** What is required **
Beginning with the line containing "Large Bling Arrowhead" and going on through the line containing "Pellworm Alte Kirche", the lines below are to be returned exactly, pictures excluded and nothing added.

** Input for this task **
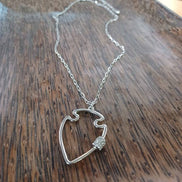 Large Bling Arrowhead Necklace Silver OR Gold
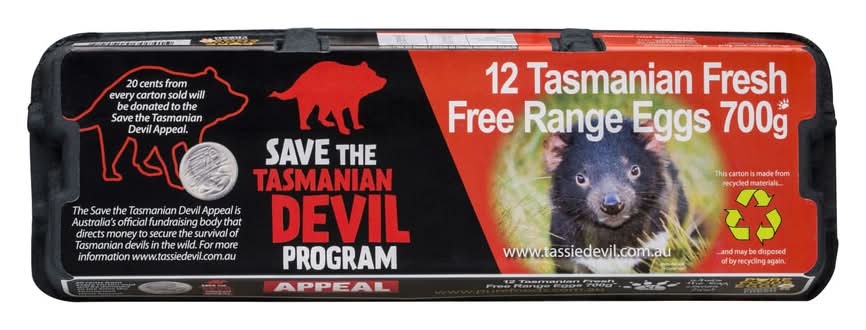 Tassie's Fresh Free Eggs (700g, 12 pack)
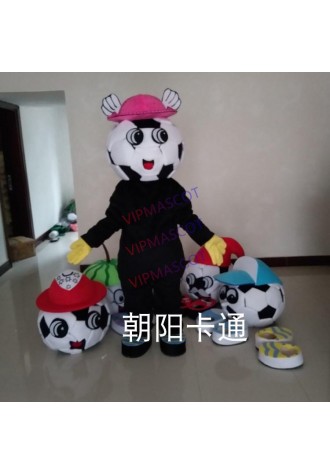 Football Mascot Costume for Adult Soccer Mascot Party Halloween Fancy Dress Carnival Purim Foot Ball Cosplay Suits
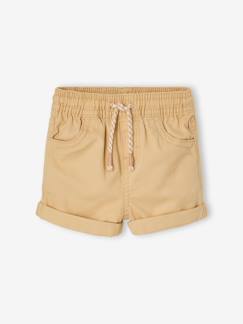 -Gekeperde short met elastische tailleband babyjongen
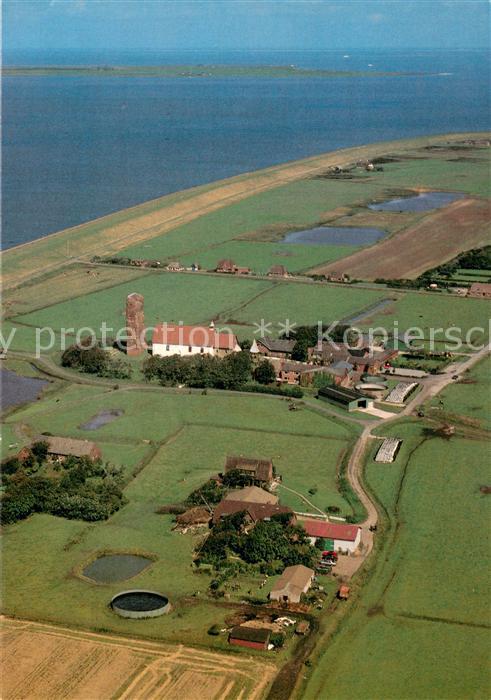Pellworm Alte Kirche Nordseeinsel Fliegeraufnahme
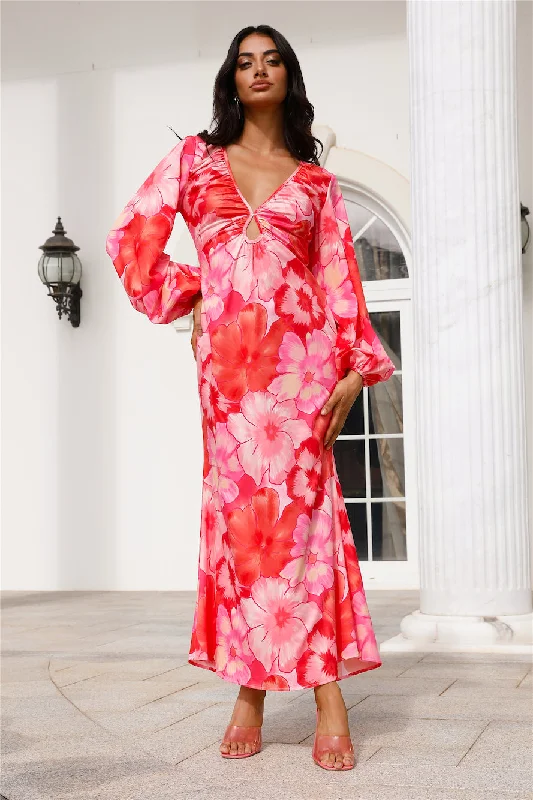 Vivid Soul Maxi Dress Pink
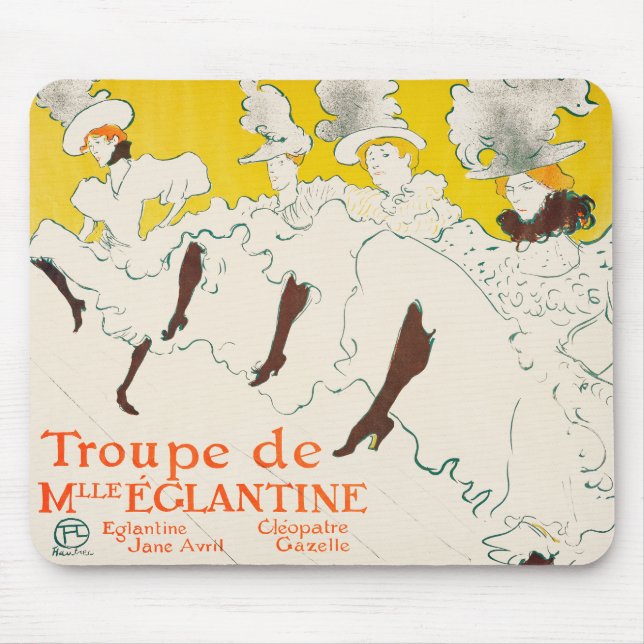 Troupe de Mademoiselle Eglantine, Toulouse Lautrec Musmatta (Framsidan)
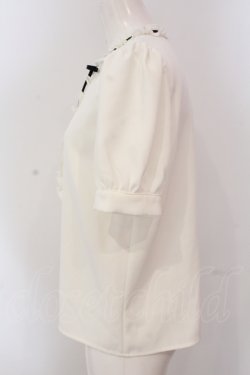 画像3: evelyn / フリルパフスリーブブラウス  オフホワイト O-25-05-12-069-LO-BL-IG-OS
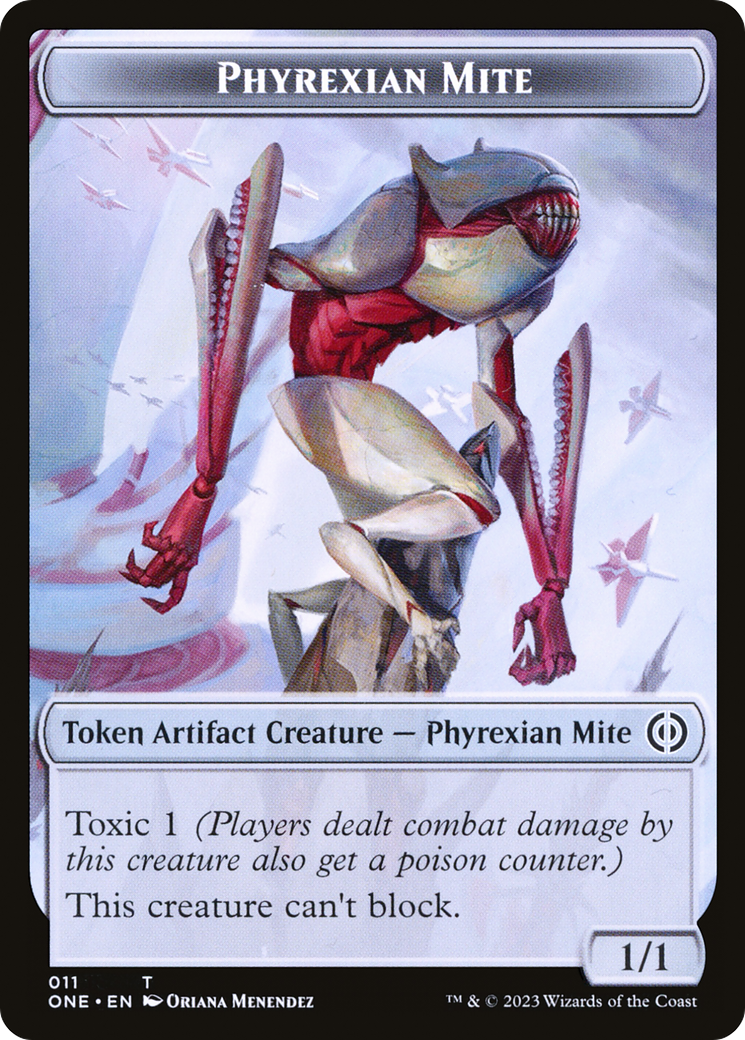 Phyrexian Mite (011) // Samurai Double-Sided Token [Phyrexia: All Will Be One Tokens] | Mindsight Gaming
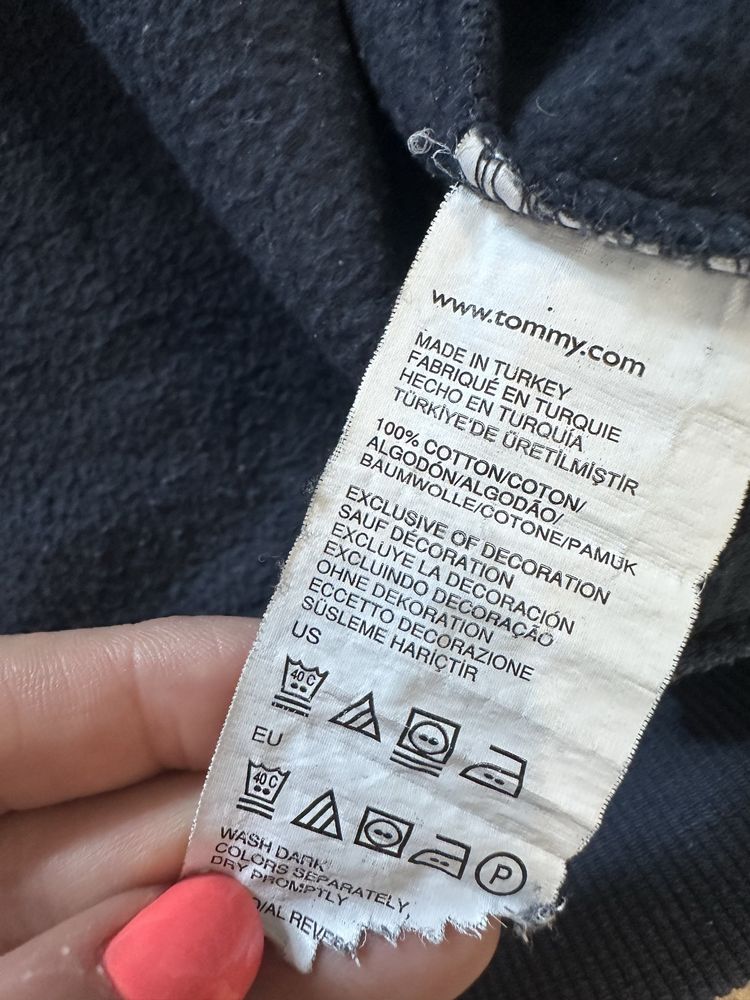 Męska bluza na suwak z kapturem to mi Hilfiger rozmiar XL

--

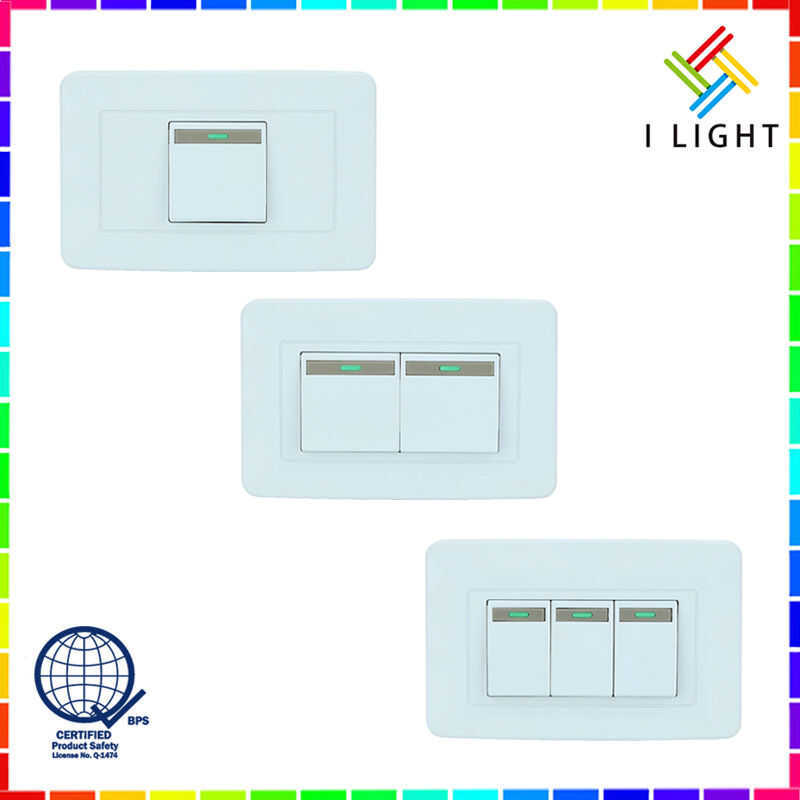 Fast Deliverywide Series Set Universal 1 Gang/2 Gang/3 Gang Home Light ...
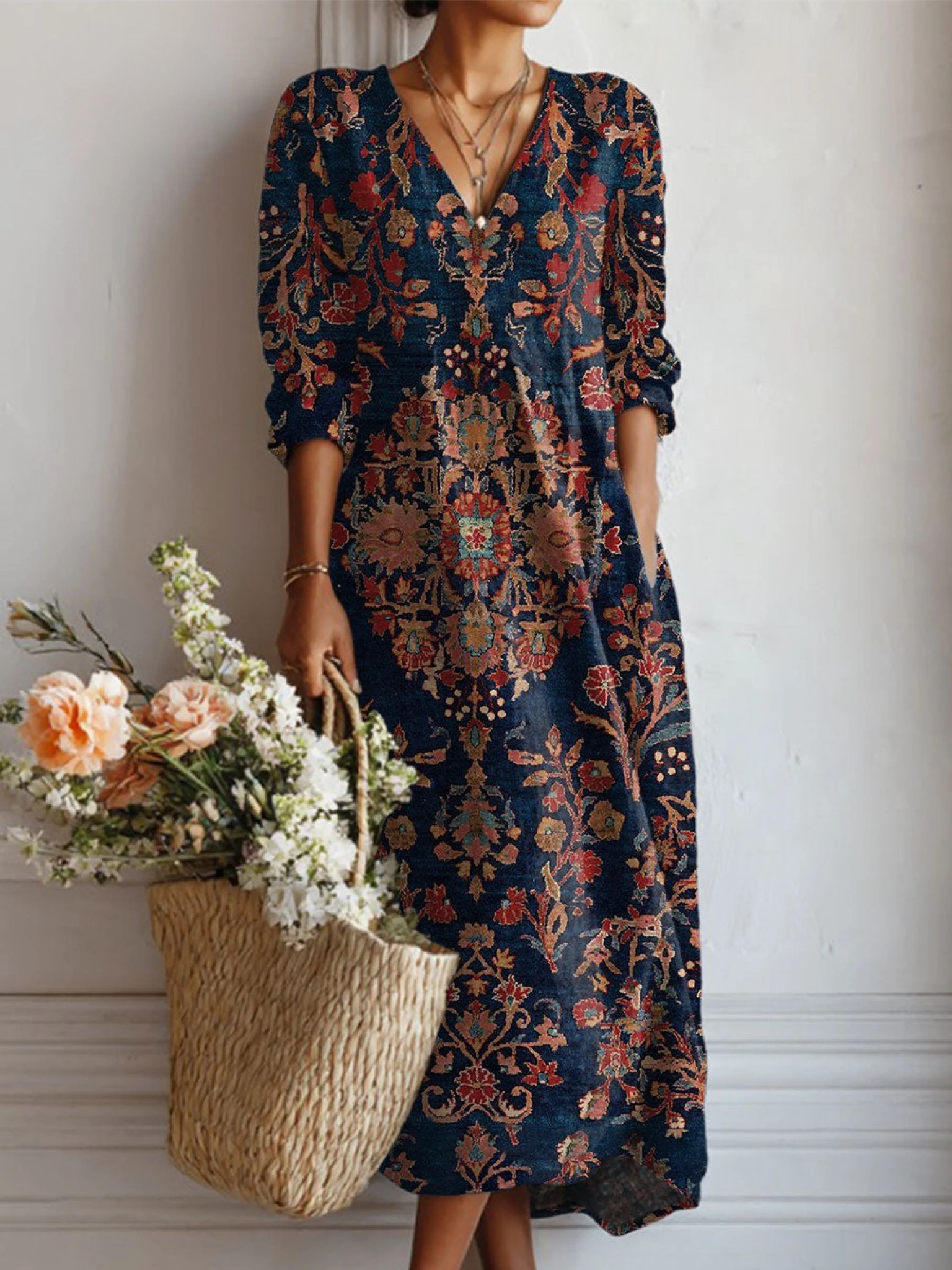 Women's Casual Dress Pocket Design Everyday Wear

...

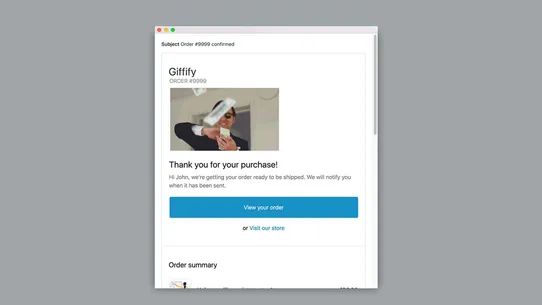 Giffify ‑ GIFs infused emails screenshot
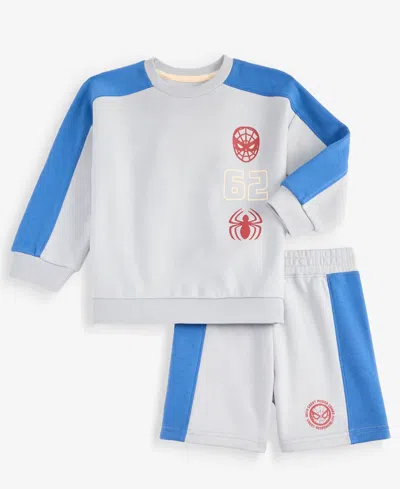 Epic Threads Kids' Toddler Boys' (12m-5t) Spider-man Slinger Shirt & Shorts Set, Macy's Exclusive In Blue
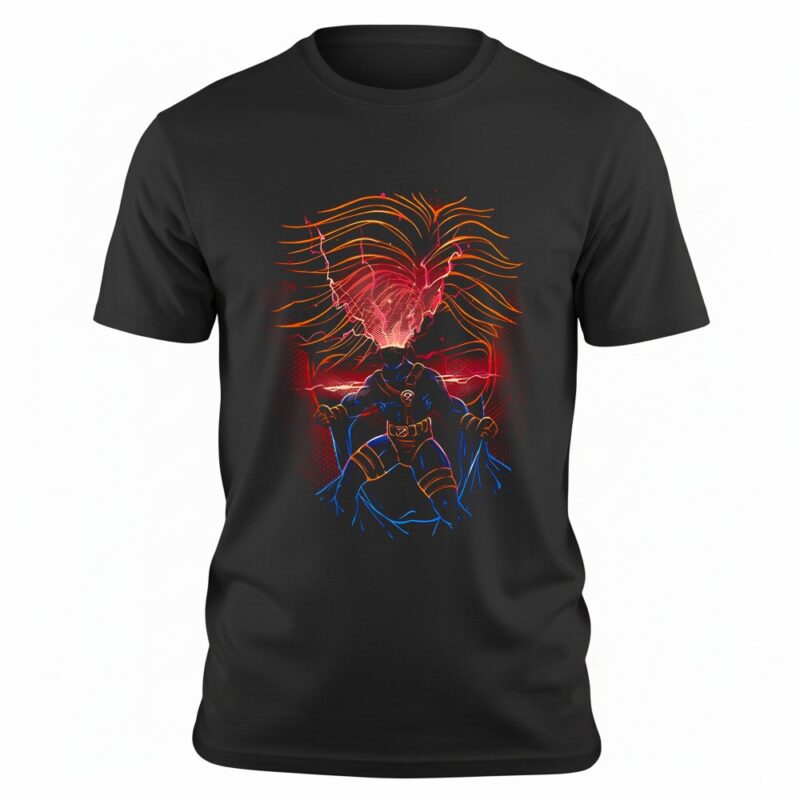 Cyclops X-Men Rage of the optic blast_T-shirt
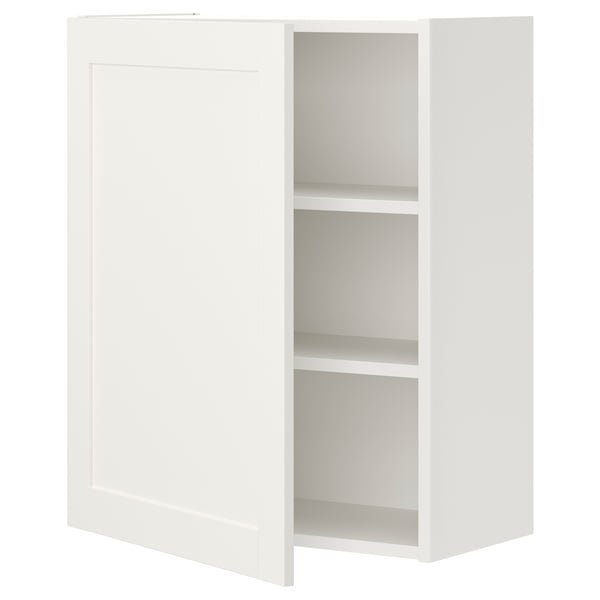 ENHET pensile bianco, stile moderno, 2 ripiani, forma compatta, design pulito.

** Output for this exercise **
 Large Bling Arrowhead Necklace Silver OR Gold
 Tassie's Fresh Free Eggs (700g, 12 pack)
 Football Mascot Costume for Adult Soccer Mascot Party Halloween Fancy Dress Carnival Purim Foot Ball Cosplay Suits
 -Gekeperde short met elastische tailleband babyjongen
Pellworm Alte Kirche Nordseeinsel Fliegeraufnahme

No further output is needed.